Extracted material —
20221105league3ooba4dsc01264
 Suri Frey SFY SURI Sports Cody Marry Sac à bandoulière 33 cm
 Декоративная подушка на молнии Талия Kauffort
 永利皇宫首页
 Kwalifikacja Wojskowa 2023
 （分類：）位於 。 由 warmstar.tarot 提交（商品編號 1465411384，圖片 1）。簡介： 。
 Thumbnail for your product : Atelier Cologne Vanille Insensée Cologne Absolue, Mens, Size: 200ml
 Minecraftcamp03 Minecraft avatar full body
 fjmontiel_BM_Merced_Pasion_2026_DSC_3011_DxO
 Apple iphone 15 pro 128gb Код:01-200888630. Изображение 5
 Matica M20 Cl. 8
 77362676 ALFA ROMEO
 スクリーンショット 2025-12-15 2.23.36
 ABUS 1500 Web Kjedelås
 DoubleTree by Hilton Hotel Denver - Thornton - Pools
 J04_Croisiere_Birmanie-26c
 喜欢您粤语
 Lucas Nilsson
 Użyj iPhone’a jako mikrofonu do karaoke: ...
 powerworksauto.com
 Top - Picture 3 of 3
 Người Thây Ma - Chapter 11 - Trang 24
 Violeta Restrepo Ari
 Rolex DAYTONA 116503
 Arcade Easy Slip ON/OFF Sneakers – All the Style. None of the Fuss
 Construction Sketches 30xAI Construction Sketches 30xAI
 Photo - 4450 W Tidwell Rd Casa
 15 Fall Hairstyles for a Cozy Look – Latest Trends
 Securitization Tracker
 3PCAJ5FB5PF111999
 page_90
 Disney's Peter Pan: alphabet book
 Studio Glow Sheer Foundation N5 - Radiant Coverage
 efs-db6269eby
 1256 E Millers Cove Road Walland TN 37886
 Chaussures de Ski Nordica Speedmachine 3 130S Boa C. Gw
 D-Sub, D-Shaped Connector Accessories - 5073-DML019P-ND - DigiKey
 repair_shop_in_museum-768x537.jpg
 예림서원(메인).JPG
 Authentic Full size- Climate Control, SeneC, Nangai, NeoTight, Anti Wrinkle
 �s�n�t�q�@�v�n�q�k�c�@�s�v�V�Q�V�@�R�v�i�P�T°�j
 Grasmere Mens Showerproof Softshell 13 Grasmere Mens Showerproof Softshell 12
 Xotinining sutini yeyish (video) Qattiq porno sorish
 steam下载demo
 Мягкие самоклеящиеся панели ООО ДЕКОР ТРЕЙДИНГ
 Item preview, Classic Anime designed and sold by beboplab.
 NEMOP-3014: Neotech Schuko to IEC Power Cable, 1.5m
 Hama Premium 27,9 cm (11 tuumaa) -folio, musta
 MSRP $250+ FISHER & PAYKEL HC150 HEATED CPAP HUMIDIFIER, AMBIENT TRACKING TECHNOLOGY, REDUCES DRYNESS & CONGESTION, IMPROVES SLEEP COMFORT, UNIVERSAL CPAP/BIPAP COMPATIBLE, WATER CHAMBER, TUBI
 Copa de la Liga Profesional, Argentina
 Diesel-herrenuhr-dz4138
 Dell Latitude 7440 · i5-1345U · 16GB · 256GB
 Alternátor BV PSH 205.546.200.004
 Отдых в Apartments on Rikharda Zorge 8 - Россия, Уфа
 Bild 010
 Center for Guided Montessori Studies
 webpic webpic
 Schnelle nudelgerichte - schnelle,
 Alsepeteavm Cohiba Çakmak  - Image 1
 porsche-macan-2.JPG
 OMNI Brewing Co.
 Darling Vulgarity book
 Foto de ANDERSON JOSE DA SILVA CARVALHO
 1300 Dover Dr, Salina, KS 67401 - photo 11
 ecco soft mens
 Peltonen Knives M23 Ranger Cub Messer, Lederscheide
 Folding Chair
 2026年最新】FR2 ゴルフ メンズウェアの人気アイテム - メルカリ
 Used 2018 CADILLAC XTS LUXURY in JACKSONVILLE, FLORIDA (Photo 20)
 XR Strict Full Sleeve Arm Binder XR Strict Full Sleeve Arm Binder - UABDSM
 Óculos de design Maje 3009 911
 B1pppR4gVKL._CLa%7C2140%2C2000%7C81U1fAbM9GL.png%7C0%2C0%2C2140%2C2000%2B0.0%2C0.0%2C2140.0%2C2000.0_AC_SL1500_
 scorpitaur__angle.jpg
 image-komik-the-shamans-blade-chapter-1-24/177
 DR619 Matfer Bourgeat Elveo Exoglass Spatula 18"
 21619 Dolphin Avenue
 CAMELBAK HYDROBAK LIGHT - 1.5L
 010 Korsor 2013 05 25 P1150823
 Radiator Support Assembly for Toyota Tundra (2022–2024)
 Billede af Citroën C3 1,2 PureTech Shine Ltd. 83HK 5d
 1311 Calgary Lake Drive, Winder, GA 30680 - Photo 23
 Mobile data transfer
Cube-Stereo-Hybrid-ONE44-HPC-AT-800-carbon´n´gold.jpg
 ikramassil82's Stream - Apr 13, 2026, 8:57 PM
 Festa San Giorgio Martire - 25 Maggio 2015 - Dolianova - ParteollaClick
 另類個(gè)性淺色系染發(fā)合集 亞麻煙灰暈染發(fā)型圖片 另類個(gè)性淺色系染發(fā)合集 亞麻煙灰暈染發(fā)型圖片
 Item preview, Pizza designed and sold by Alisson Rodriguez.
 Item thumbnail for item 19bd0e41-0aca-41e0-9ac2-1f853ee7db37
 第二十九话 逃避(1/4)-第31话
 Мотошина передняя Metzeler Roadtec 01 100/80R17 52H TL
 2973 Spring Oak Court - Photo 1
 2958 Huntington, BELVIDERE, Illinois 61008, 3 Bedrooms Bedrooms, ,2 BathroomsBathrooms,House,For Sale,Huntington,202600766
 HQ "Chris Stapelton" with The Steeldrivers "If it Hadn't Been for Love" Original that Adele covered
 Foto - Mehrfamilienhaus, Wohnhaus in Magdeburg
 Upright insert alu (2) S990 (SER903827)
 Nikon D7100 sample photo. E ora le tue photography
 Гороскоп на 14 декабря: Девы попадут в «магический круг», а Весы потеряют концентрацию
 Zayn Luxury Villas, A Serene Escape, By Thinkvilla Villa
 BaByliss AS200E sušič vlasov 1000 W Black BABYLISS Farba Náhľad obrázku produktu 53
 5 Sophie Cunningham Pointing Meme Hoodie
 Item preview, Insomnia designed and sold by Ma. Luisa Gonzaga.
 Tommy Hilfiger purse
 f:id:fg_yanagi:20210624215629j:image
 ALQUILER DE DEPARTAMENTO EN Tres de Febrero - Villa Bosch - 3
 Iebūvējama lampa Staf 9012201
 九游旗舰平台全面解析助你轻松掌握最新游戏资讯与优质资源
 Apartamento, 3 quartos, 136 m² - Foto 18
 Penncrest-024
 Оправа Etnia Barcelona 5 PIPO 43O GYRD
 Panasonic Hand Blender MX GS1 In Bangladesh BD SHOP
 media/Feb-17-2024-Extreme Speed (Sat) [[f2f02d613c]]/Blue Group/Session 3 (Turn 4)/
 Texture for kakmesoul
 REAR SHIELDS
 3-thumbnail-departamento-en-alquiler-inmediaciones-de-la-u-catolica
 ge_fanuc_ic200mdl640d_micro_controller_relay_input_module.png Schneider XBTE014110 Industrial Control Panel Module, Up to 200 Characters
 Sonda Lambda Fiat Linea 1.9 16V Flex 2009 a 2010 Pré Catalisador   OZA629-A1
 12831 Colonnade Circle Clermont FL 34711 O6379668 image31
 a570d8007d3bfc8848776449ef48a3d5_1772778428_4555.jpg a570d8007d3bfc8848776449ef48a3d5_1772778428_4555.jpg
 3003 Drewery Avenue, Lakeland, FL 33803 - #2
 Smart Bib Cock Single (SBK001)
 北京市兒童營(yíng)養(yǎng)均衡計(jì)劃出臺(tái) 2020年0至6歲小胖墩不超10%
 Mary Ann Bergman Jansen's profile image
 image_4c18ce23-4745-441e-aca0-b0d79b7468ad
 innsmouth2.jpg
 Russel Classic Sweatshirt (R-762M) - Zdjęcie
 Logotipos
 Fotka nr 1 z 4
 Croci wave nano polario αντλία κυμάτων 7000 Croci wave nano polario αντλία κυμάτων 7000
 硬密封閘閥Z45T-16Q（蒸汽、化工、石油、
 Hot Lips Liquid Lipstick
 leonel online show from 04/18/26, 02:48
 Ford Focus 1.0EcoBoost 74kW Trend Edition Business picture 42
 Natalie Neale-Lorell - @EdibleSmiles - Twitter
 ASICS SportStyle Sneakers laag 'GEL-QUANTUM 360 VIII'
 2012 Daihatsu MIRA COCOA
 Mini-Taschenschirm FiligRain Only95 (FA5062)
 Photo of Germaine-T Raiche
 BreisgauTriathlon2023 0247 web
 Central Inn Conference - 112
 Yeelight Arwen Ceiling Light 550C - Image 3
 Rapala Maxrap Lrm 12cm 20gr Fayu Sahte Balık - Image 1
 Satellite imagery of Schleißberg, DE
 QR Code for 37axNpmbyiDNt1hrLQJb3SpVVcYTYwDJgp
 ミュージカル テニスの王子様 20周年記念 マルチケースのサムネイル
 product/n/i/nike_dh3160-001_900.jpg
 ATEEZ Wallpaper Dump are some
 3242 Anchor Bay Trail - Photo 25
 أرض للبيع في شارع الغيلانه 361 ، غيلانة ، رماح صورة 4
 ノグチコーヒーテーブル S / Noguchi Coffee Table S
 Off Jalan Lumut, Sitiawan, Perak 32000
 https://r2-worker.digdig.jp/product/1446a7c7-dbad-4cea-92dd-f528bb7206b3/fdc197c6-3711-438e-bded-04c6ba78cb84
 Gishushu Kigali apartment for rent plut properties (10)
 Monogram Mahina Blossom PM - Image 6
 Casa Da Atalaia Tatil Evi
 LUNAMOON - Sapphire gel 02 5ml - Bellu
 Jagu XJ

Assignment — Above are the records; repeat exactly the lines from the one holding "3PCAJ5FB5PF111999" down to the one holding "Used 2018 CADILLAC", end lines included.

Expected answer —
 3PCAJ5FB5PF111999
 page_90
 Disney's Peter Pan: alphabet book
 Studio Glow Sheer Foundation N5 - Radiant Coverage
 efs-db6269eby
 1256 E Millers Cove Road Walland TN 37886
 Chaussures de Ski Nordica Speedmachine 3 130S Boa C. Gw
 D-Sub, D-Shaped Connector Accessories - 5073-DML019P-ND - DigiKey
 repair_shop_in_museum-768x537.jpg
 예림서원(메인).JPG
 Authentic Full size- Climate Control, SeneC, Nangai, NeoTight, Anti Wrinkle
 �s�n�t�q�@�v�n�q�k�c�@�s�v�V�Q�V�@�R�v�i�P�T°�j
 Grasmere Mens Showerproof Softshell 13 Grasmere Mens Showerproof Softshell 12
 Xotinining sutini yeyish (video) Qattiq porno sorish
 steam下载demo
 Мягкие самоклеящиеся панели ООО ДЕКОР ТРЕЙДИНГ
 Item preview, Classic Anime designed and sold by beboplab.
 NEMOP-3014: Neotech Schuko to IEC Power Cable, 1.5m
 Hama Premium 27,9 cm (11 tuumaa) -folio, musta
 MSRP $250+ FISHER & PAYKEL HC150 HEATED CPAP HUMIDIFIER, AMBIENT TRACKING TECHNOLOGY, REDUCES DRYNESS & CONGESTION, IMPROVES SLEEP COMFORT, UNIVERSAL CPAP/BIPAP COMPATIBLE, WATER CHAMBER, TUBI
 Copa de la Liga Profesional, Argentina
 Diesel-herrenuhr-dz4138
 Dell Latitude 7440 · i5-1345U · 16GB · 256GB
 Alternátor BV PSH 205.546.200.004
 Отдых в Apartments on Rikharda Zorge 8 - Россия, Уфа
 Bild 010
 Center for Guided Montessori Studies
 webpic webpic
 Schnelle nudelgerichte - schnelle,
 Alsepeteavm Cohiba Çakmak  - Image 1
 porsche-macan-2.JPG
 OMNI Brewing Co.
 Darling Vulgarity book
 Foto de ANDERSON JOSE DA SILVA CARVALHO
 1300 Dover Dr, Salina, KS 67401 - photo 11
 ecco soft mens
 Peltonen Knives M23 Ranger Cub Messer, Lederscheide
 Folding Chair
 2026年最新】FR2 ゴルフ メンズウェアの人気アイテム - メルカリ
 Used 2018 CADILLAC XTS LUXURY in JACKSONVILLE, FLORIDA (Photo 20)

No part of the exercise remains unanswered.